As the wort moves into the fermenter the yeast are added. Then they wait for the yeast to complete the work of making beer. The fermenters are cooled with glycol which runs through the walls of the tanks.
The beer ferments for about three days and then is aged a few more days and cooled to near freezing. It can then be cold filtered. The filtration is done in their cold room downstairs under the pub. This room is maintained at 35° Fahrenheit.
Sackets Harbor Brewing Company beer is served directly from this cold storage facility through taps in the pub upstairs, avoiding the kegging or bottling process that burdens their commercial cousins. Beer served this way is thus fresher than can be offered by the big brewers. It just can’t get any fresher!
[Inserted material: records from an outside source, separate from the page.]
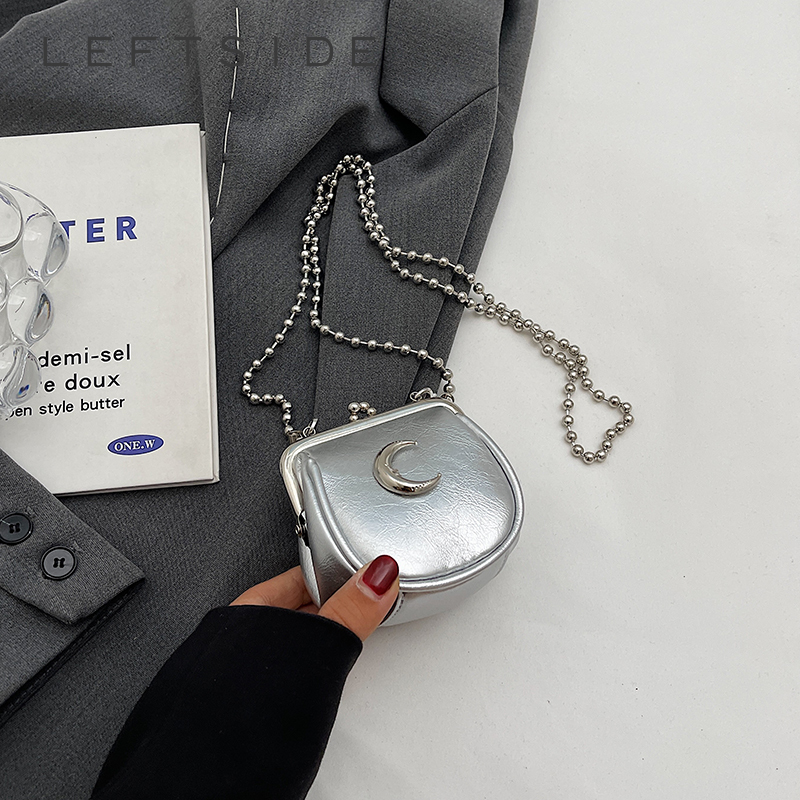 Luxury Y2K Bags - 실버 여성용 미니 귀여운 크로스바디 백,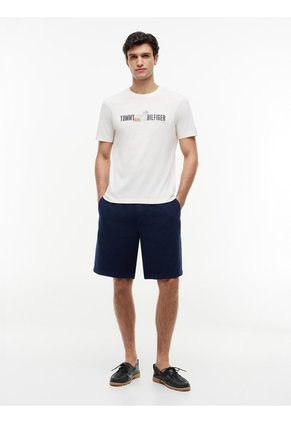 Camiseta Blanca De Corte Regular Con Logo Gráfico Tommy Hilfiger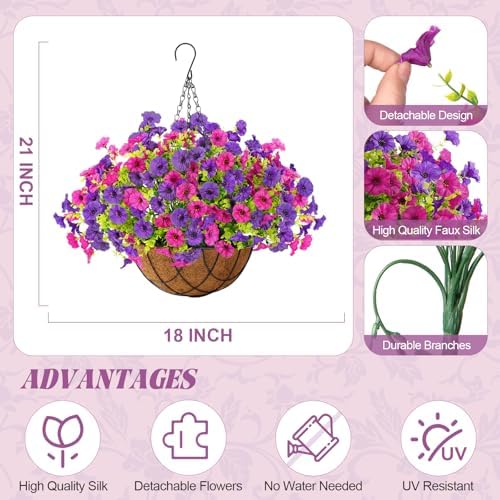 Artificial Fake Hanging Flowers with Basket for Outdoor Decor 12 Pcs UV Resistant Faux Silk Morning Glory Flowers Plants for Outdoor Outside Planters Home Porch Patio Balcony Spring Summer Décor - Image 3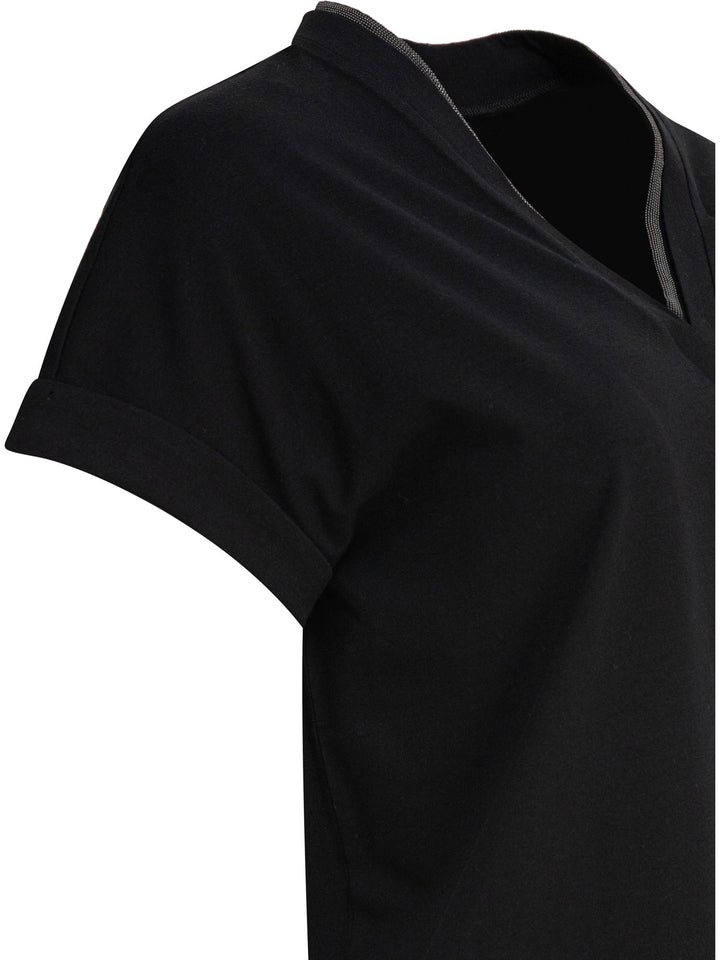 Brunello Cucinelli T-Shirt With Shiny Contour T-shirts - Black | 3700634c4f3b73fcda84b10d39de2a6b4b9488a5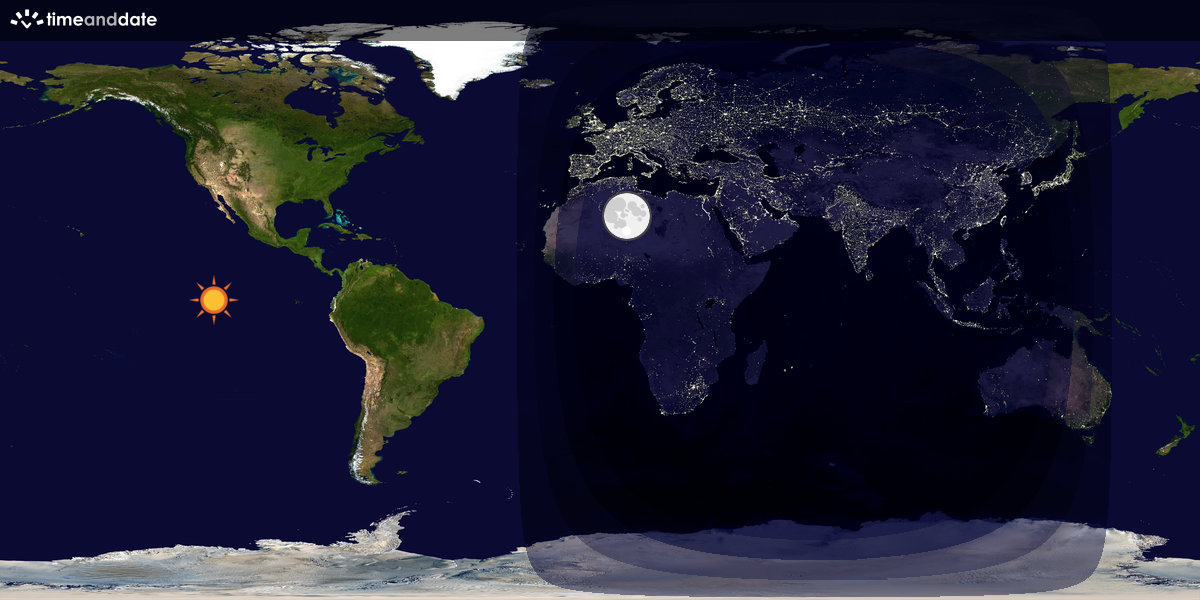 Verdenskart som viser dag og natt 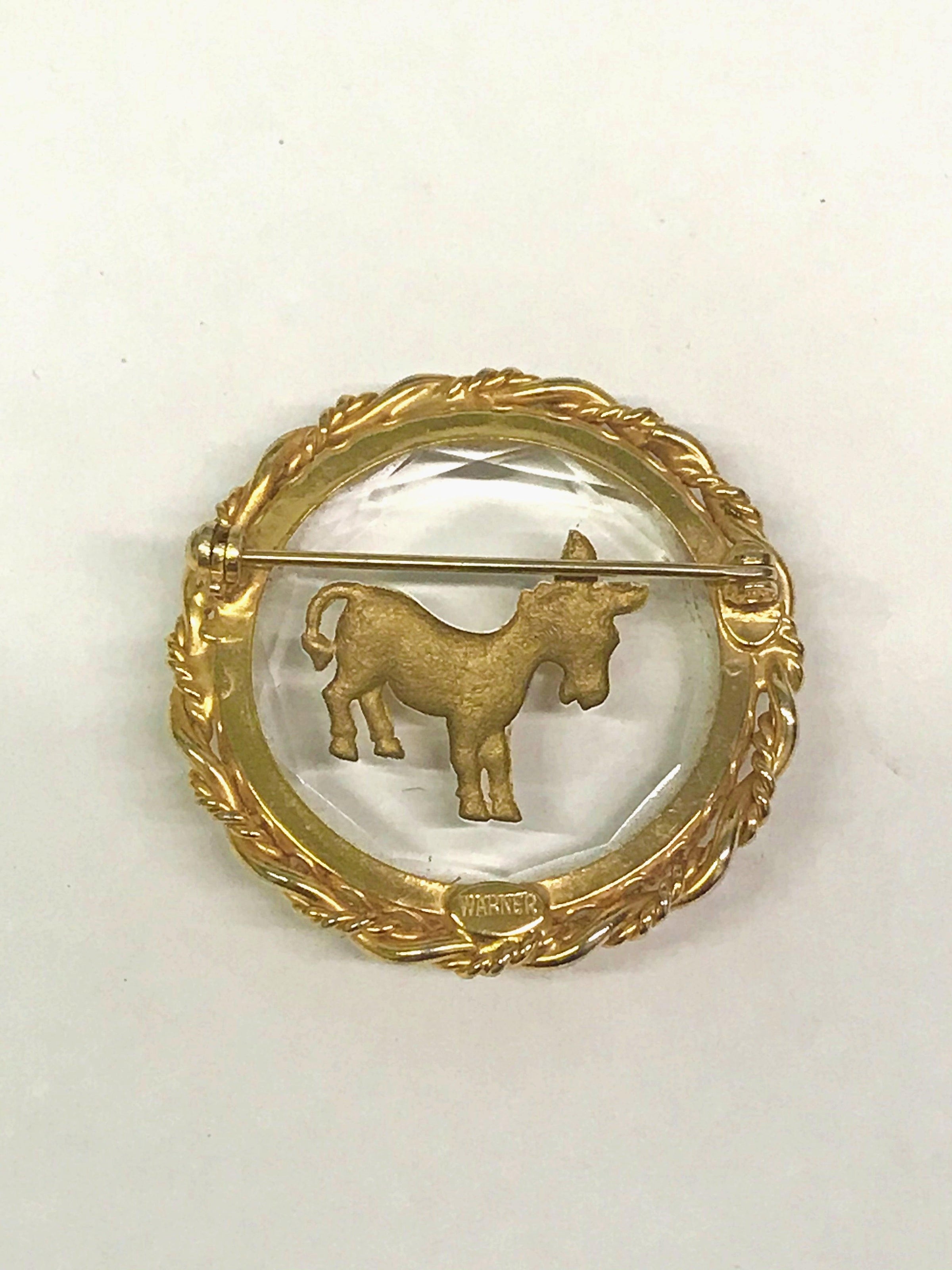 Warner Intaglio Donkey Brooch Pin - Hers and His Treasures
Sackets Harbor Brewing Company create beers which are richer in flavor than the major national brands. Breaking down the basic flavors, you’ll find a few in beer. Sweet and bitter will be there in every brew, although the sweetness will be at a low level. Salty and sour are not necessarily overt, but are noticeable more when they are absent (in a well made beer, that is). How about hop flavors? Floral aromas and bitter flavors are there every time, but different hops will add some other flavors as well. Sackets Harbor Brewing Company use Cascade hops in their Grant’s Golden. One of the flavors they add is almost like a grapefruit rind. They also use Northern Brewer hops in our Pale ale, Red ale, and India Pale Ale, a specialty brew we offer occasionally. Northern Brewer hops give a black currant flavor to the beer. Fuggle hops give a more woody or spicy kind of aroma, and is found in the Red and Pale ales as well.
The malts contribute flavors identified by such terms as bready, caramel, and husky. Different specialty malts which are used in each beer contribute different flavors. For example, biscuit malt adds a flavor that is very reminiscent of burnt biscuit bottoms. Chocolate malt adds a roasty, almost Columbian coffee-like flavor. Chocolate malt is the color of chocolate, and when the beer is still sweet, before fermenting, can taste a bit like chocolate.
Some refer to it as “gourmet beer.” Sackets Harbor Brewing Company like the term, but the industry prefers to refer to it as hand crafted ales. Now it is up to you to decide. The flavor of their brews defy description – you simply have to experience each of them for yourself.